For example, the proposed Cross-Asset Tier 2 would provide an
opportunity for Members who have an ADAV in Market Maker orders of at
least 0.20% of average OCV, but less than the more stringent 0.45% of
average OCV (the requirement under current Tier 3), to receive a higher
rebate than they may currently receive but equal or slightly lower than
the rebate they would receive for reaching the more stringent criteria
under current Tiers 3 through 4, if they also meet the threshold
requirements based on BZX Equities participation. Similarly, for Market
Makers that participate on both BZX Options and Equities, and do not
currently meet the 0.35% ADAV threshold under current Tier 2, but can
or do meet the proposed equities thresholds, the proposed tier may
incentivize those participants to grow their options volume in order to
receive enhanced rebates. Increased liquidity benefits all investors by
deepening the Exchange's liquidity pool, offering additional
flexibility for all investors to enjoy cost savings, supporting the
quality of price discovery, promoting market transparency and improving
investor protection. The Exchange also believes that proposed enhanced
rebate is reasonable based on the difficulty of satisfying the tier's
criteria and ensures the proposed rebate and thresholds appropriately
reflect the incremental difficulty to achieve the existing MM Penny Add
Tiers.
The proposed enhanced rebate amounts also do not represent a
significant departure from the enhanced rebates currently offered under
the Exchange's existing MM Penny Add Tiers. Indeed, the proposed
enhanced rebate amount under the proposed Cross-Asset Add Tier 2
($0.39) is incrementally higher than current Tiers 1 and 2 ($0.31 and
$0.38, respectively), which the Exchange believes offer slightly less
stringent criteria than the proposed Cross-Asset Add Tier 2, but is
incrementally lower than the rebate offered under existing Tier 4
($0.43), which the Exchange believes is more stringent than the
proposed criteria under the proposed Cross-Asset Tier 2. Similarly, the
proposed enhanced rebate amount under the proposed Cross-Asset Tier 2
($0.39) is the same as current Tier 3 ($0.39), which the Exchange
believes reflects a similar level of difficulty but using alternative
types of criteria. Finally, the proposed enhanced rebate amount under
the proposed Cross-Asset Tier 2 ($0.39) is incrementally higher than
the rebate offered under existing Cross-Asset Add Tier 1, which the
Exchange believes is less stringent than the proposed criteria than the
proposed Cross-Asset Add Tier 2. The Exchange also notes that the
proposed rebates remain within the range of the enhanced rebates
offered under the current MM Penny Add Tiers (i.e., $0.31-$0.43).

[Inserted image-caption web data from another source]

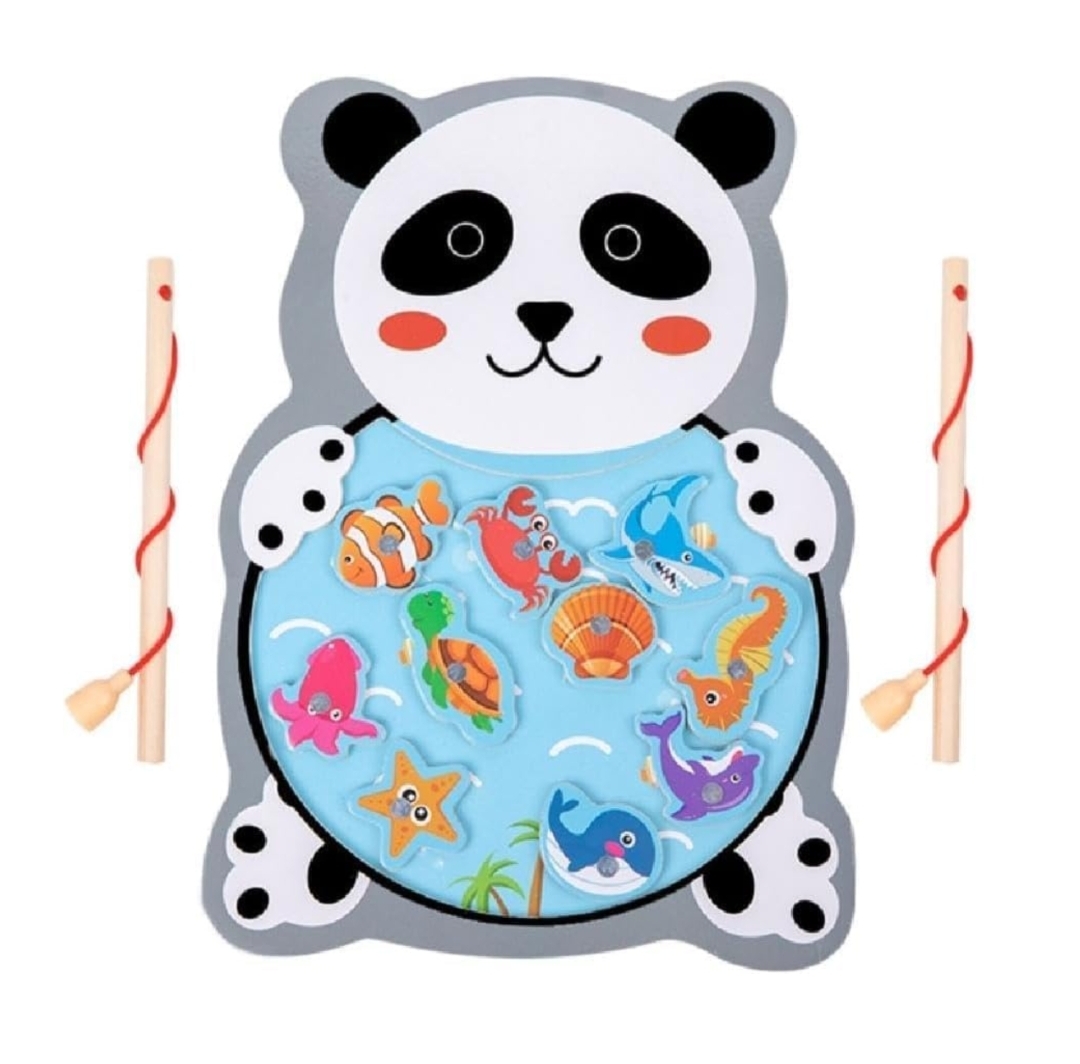 WOODEN MAGNETIC FISHING BOARD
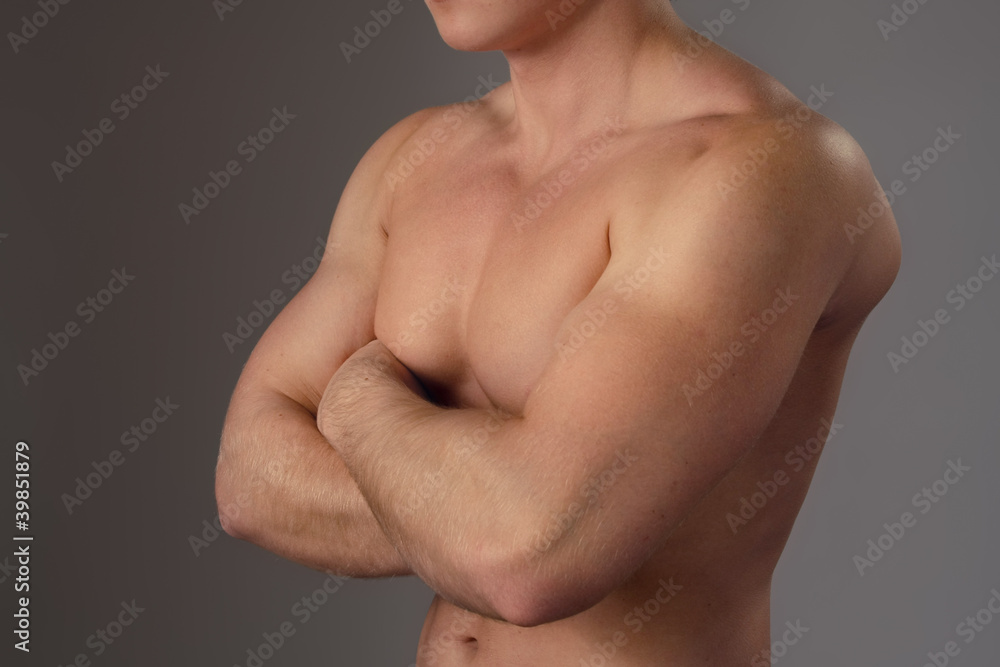 Fototapeta premium young muscular man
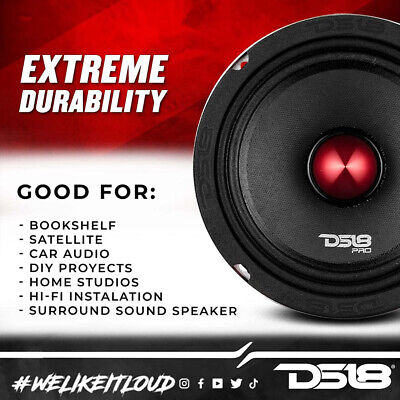 2 DS18 PRO-X6.4BM 500W Max 6.5" Midrange Speakers Loudspeaker With Bullet 4 Ohm DS18 PROX64BM - фотография #9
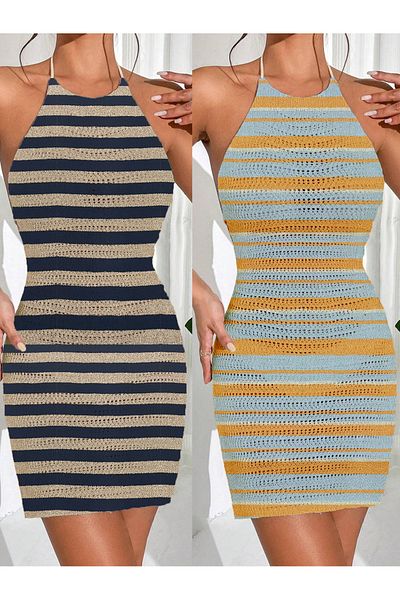 randevu Striped 2 Pack Knitwear Pareo Advantageous Price
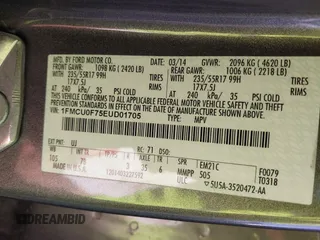 2014 Ford Escape S with VIN 1FMCU0F75EUD01705, listed as a IAAI auction lot 41504849 with 136,353 mi miles. Bid and sale history available at carsss.com. Image 9.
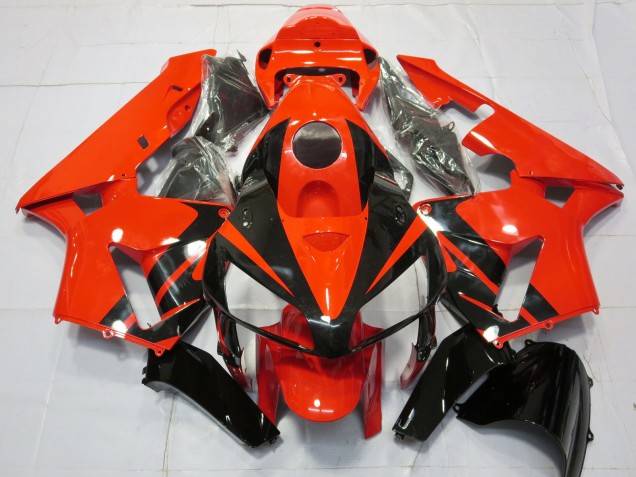 Carenagens Moto Honda CBR600RR 2005-2006 - Vermelho Preto Listra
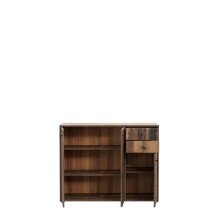 Sideboard >TEMPRA2< 3 Türen, 2 Schübe, Old-Wood Vintage Dekor - 108,8x85,5x34,8cm (BxHxT)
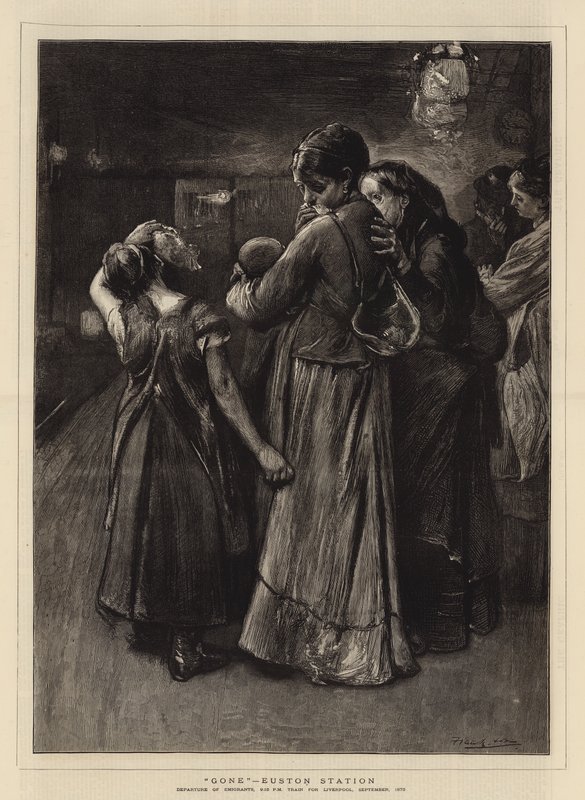 Partito, Stazione di Euston da Frank Holl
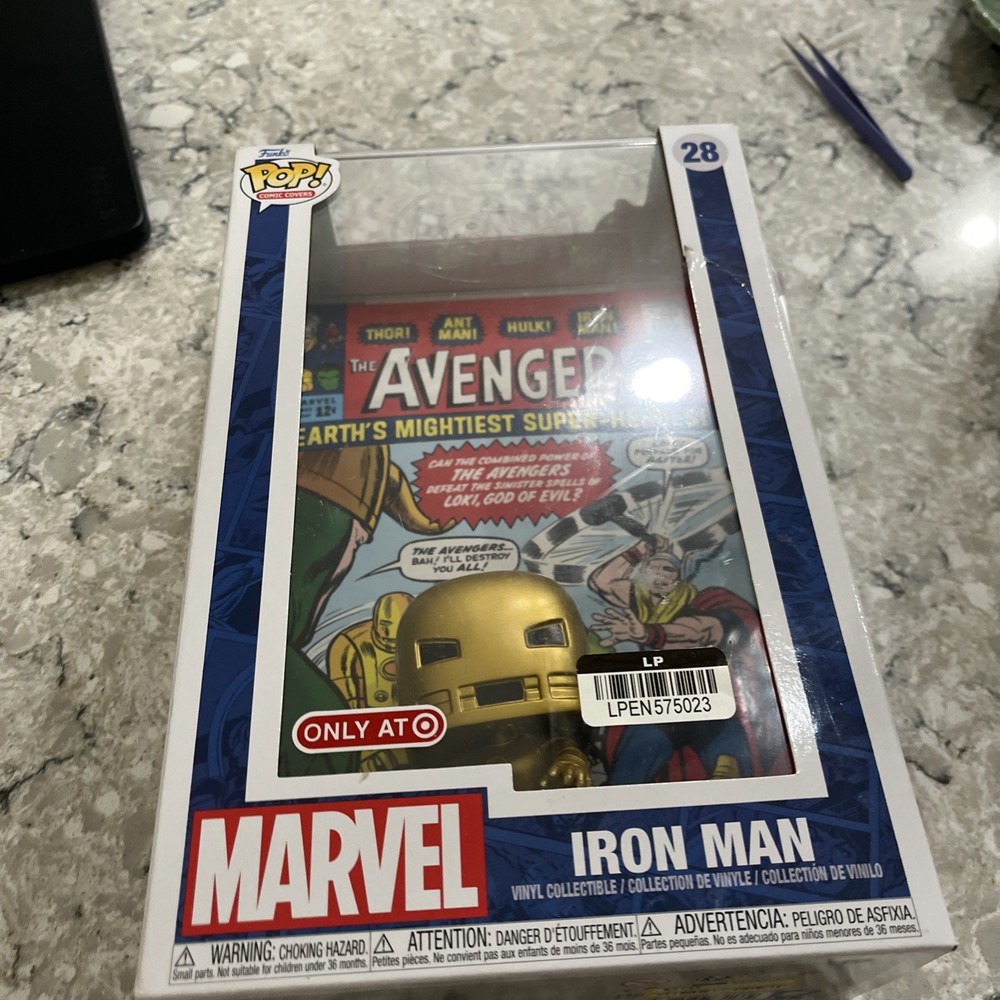 Funko Pop! Comic Book Cover with Case: Marvel - Iron Man - Target (Exclusive)...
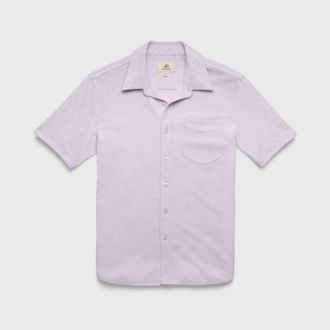Surfside Supply Co. Tony Pique Knit Shirt in Purple Heather at Nordstrom, Size Xx-Large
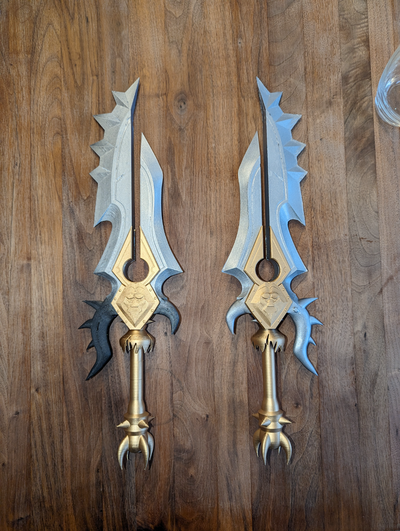 gladiateur lambeaux espadon dieu monde of warcraft épée petit remixé by actionpaps accessoires cosplays réplique arme variante wrynn carneval dague sensationnel 3d print model - Mito3D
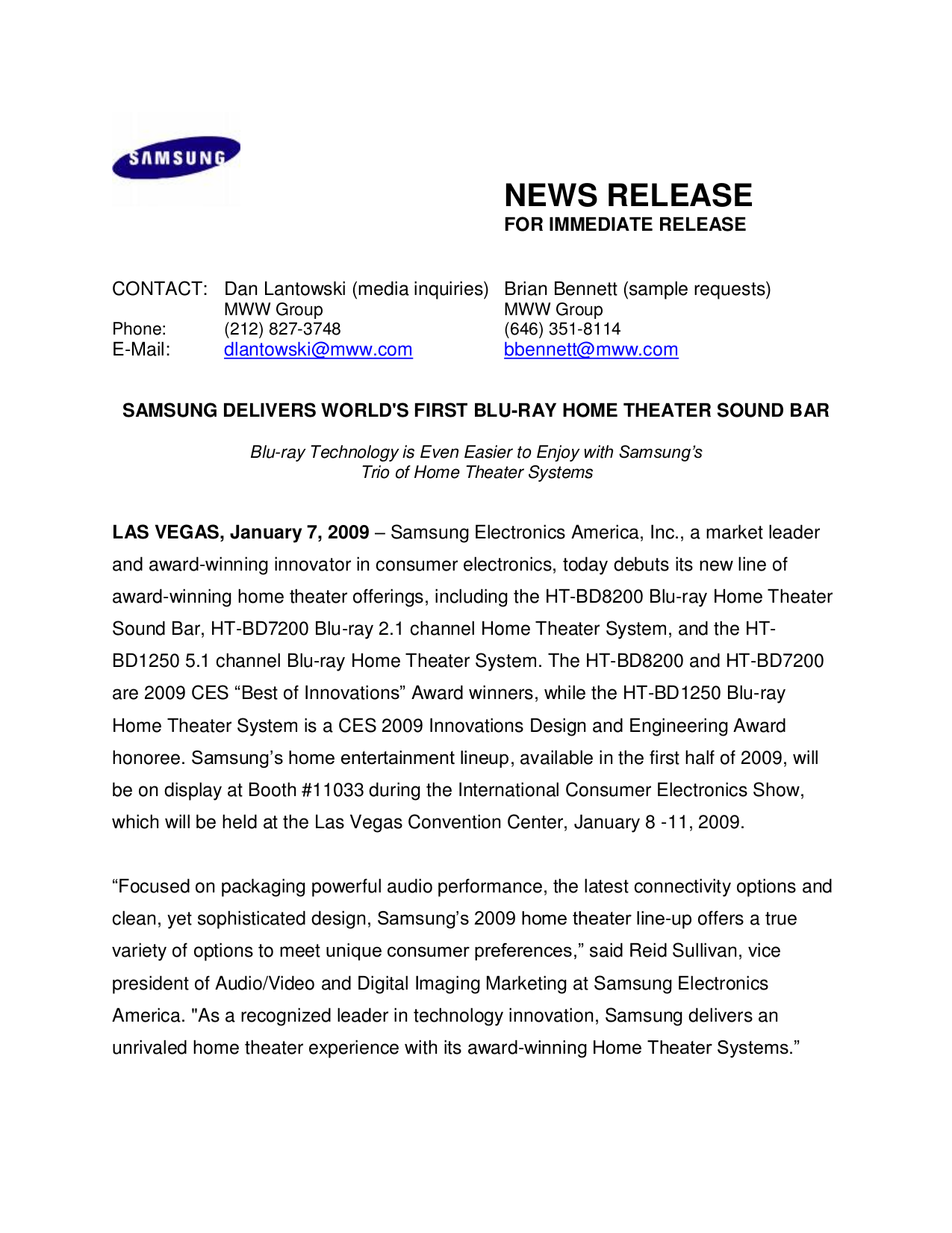 Download free pdf for Samsung HTBD8200 Home Theater manual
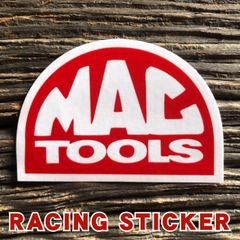 MACTOOLS 半円型 ロゴ ステッカー ◆ 工具メーカー マックツールズ JLMS36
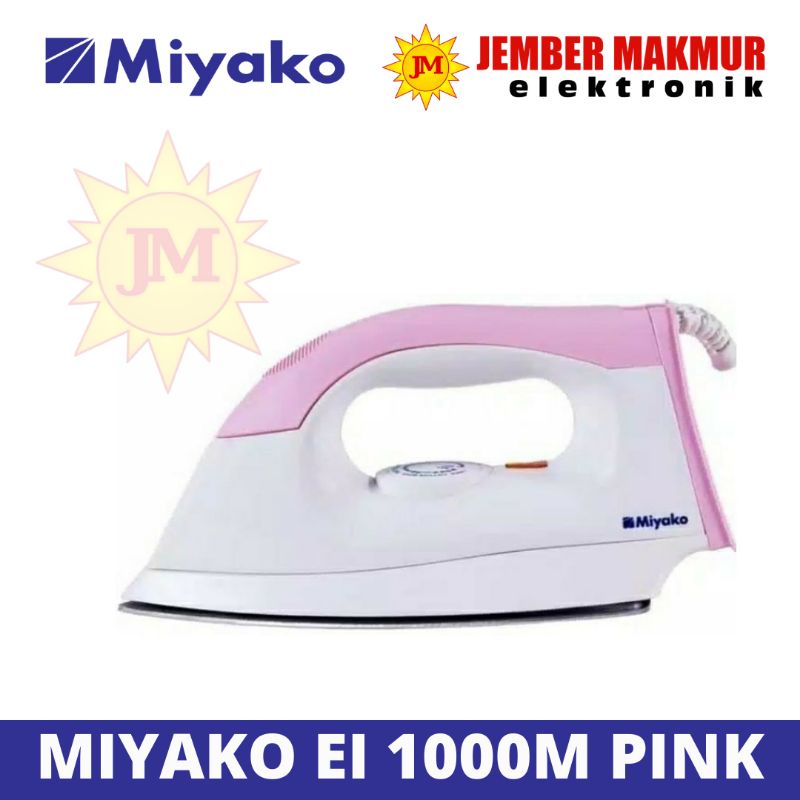 Miyako setrika listrik EI1008 / EI1000 ELECTRIC dry iron SETRIKA MIYAKO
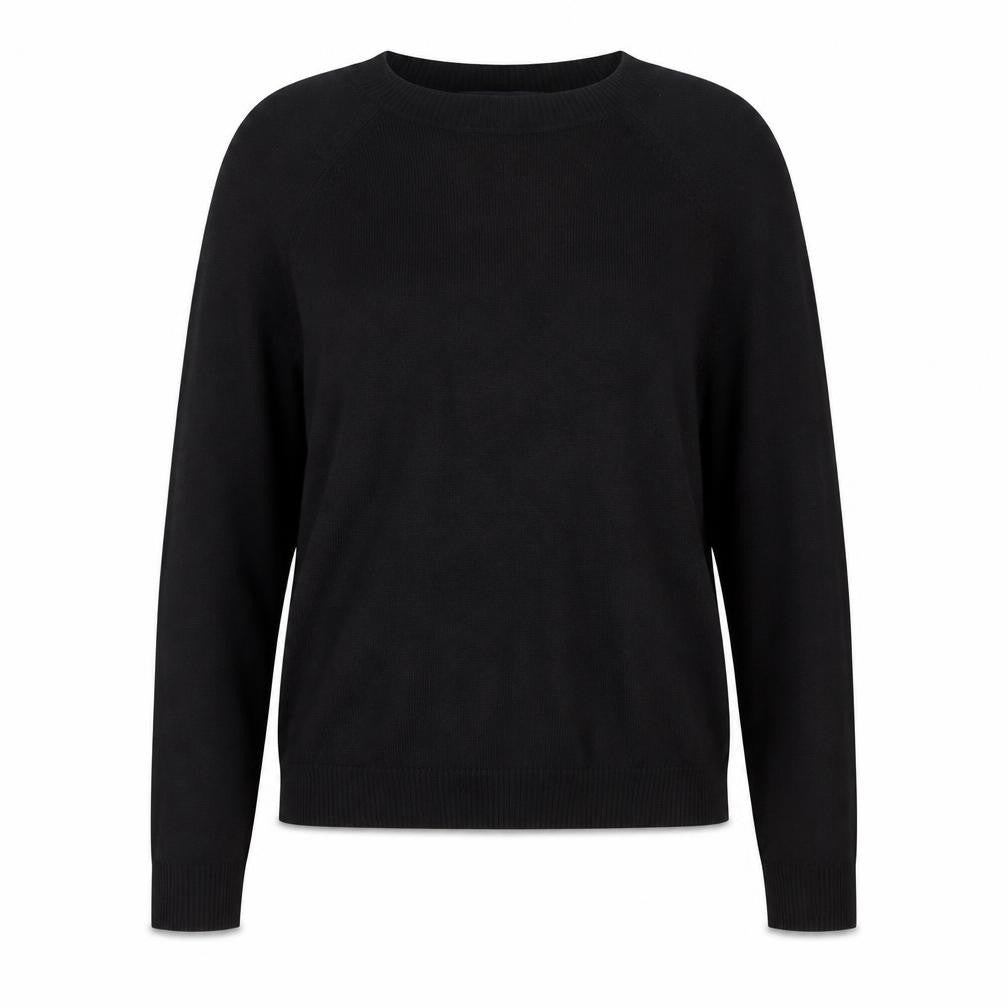 Marks & Spencer Women’s Black Size 10 Crew Neck Raglan Jumper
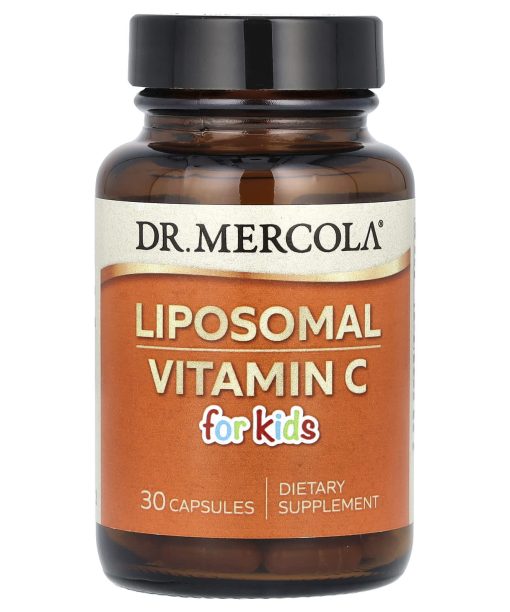 Dr. Mercola, Liposomal Vitamin C for Kids, 30 Capsules (125 mg per Capsule)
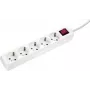 Regleta de enchufes AS Schwabe 35011 — cable de 1,4 m, 5 tomas AC, interior IP20, 230 V, blanco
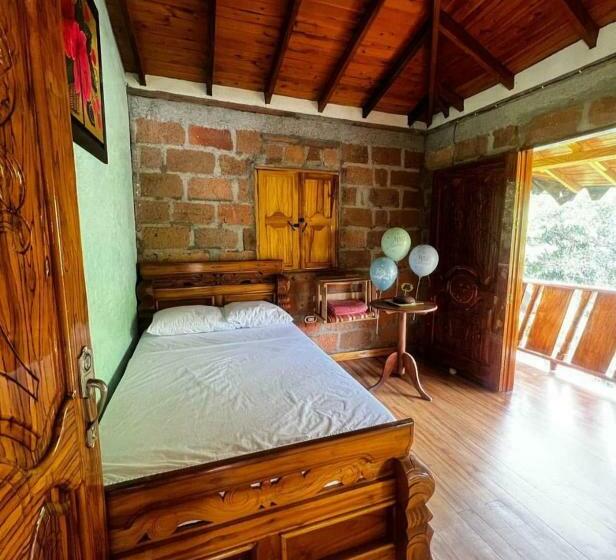 غرفة قياسية حمام مشترك, Cabaña Vista Hermosa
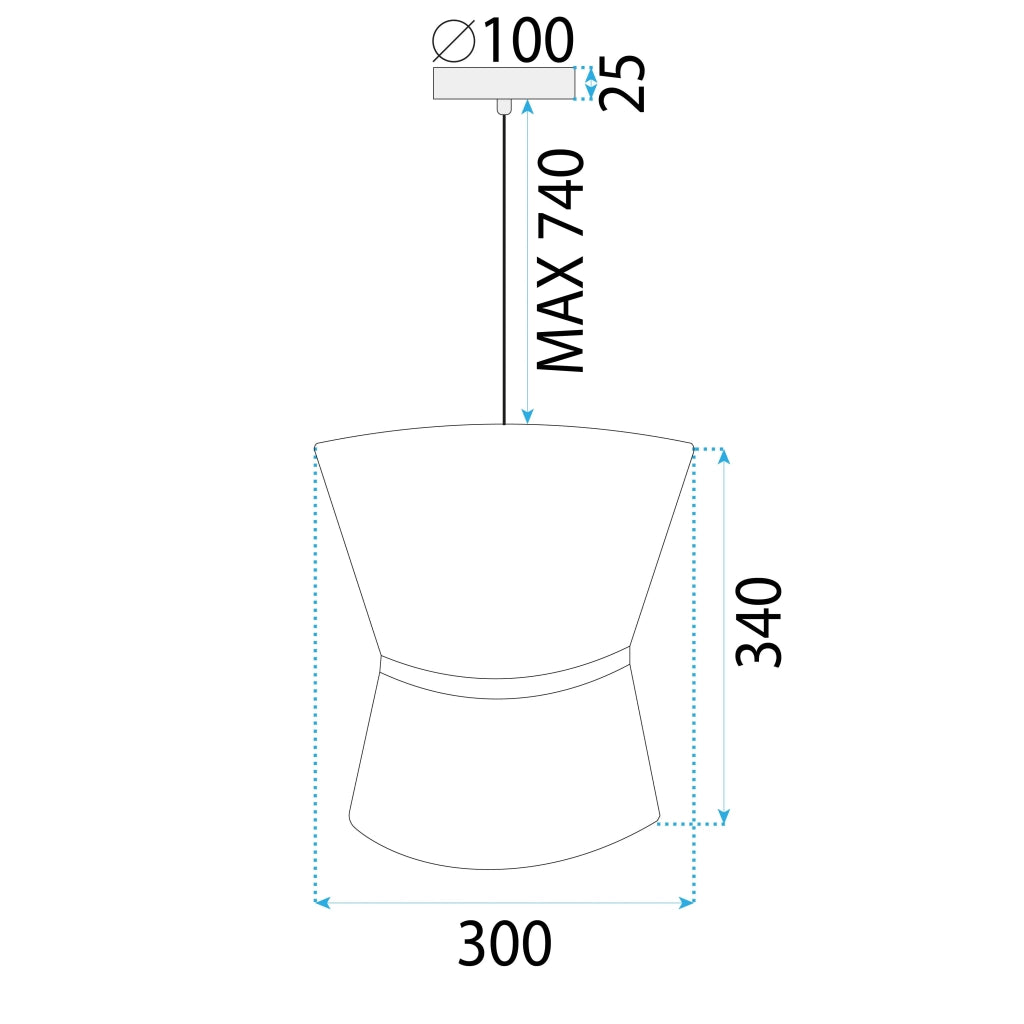 Lampada APP1504-1CP White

Further, the Exchange believes that the amended criteria for Market
Maker Cross-Asset Tier 1 is a reasonable, as such changes are designed
to encourage Members to increase their liquidity on the Exchange and
also their participation on BZX Equities to continue to achieve the
rebate offered under Market Maker Cross-Asset Tier 1. The Exchange
notes that increased Market Maker activity (including LMMs),
particularly, facilitates tighter spreads and an increase in overall
liquidity provider activity, both of which signal additional
corresponding increase in order flow from other market participants,
contributing towards a robust, well-balanced market ecosystem. Indeed,
increased overall order flow benefits investors across both the
Exchange's options and equities platforms by continuing to deepen the
Exchange's liquidity pool, potentially providing even greater execution
incentives and opportunities, offering additional flexibility for all
investors to enjoy cost savings, supporting the quality of price
discovery, promoting market transparency and improving investor
protection.
The Exchange believes that the proposal represents an equitable
allocation of fees and is not unfairly discriminatory because it
applies uniformly to all Market Makers. Additionally, a number of
Market Makers have a reasonable opportunity to satisfy the criteria of
the proposed Cross-Asset Add Tier 2, which the Exchange believes is
less stringent than the existing MM Penny Add Tiers 3 and 4, and the
criteria of Cross-Asset Add Tier 1, as amended, which the Exchange
believes is less stringent than MM Penny Add Tier 1. While the Exchange
has no way of knowing whether this proposed rule change would
definitively result in any particular Market Maker qualifying for the
proposed tiers, the Exchange anticipates that approximately one Market
Maker will be able to compete for and achieve the proposed criteria of
Cross-Asset Add Tier 1 and approximately one Market Maker will be able
to compete for and achieve the proposed criteria of the proposed Cross-
Asset Add Tier 2; however, the proposed tiers are open to any Market
Maker that satisfies the applicable tiers' criteria. The Exchange
believes the proposed tiers could provide an incentive for other
Members to submit additional liquidity on BZX Options and Equities to
qualify for the proposed enhanced rebates. To the extent a Member
participates on the Exchange but not on BZX Equities, the Exchange does
believe that the proposal
[[Page 80352]]
is still reasonable, equitably allocated and non-discriminatory with
respect to such Member based on the overall benefit to the Exchange
resulting from the success of BZX Equities. Particularly, the Exchange
believes such success allows the Exchange to continue to provide and
potentially expand its existing incentive programs to the benefit of
all participants on the Exchange, whether they participate on BZX
Equities or not. The proposed pricing program is also fair and
equitable in that membership in BZX Equities is available to all market
participants, which would provide them with access to the benefits on
BZX Equities provided by the proposed change, even where a member of
BZX Equities is not necessarily eligible for the proposed enhanced
rebates on the Exchange.
The Exchange also notes that it does not believe the proposed tier
will adversely impact any Member's pricing or ability to qualify for
other tiers. Rather, should a Member not meet the proposed criteria,
the Member will merely not receive the proposed enhanced rebate, and
has four alternative choices to aim to achieve under the MM Penny Add
Tiers. Furthermore, the proposed enhanced rebate would apply to all
Members that meet the required criteria under proposed tier.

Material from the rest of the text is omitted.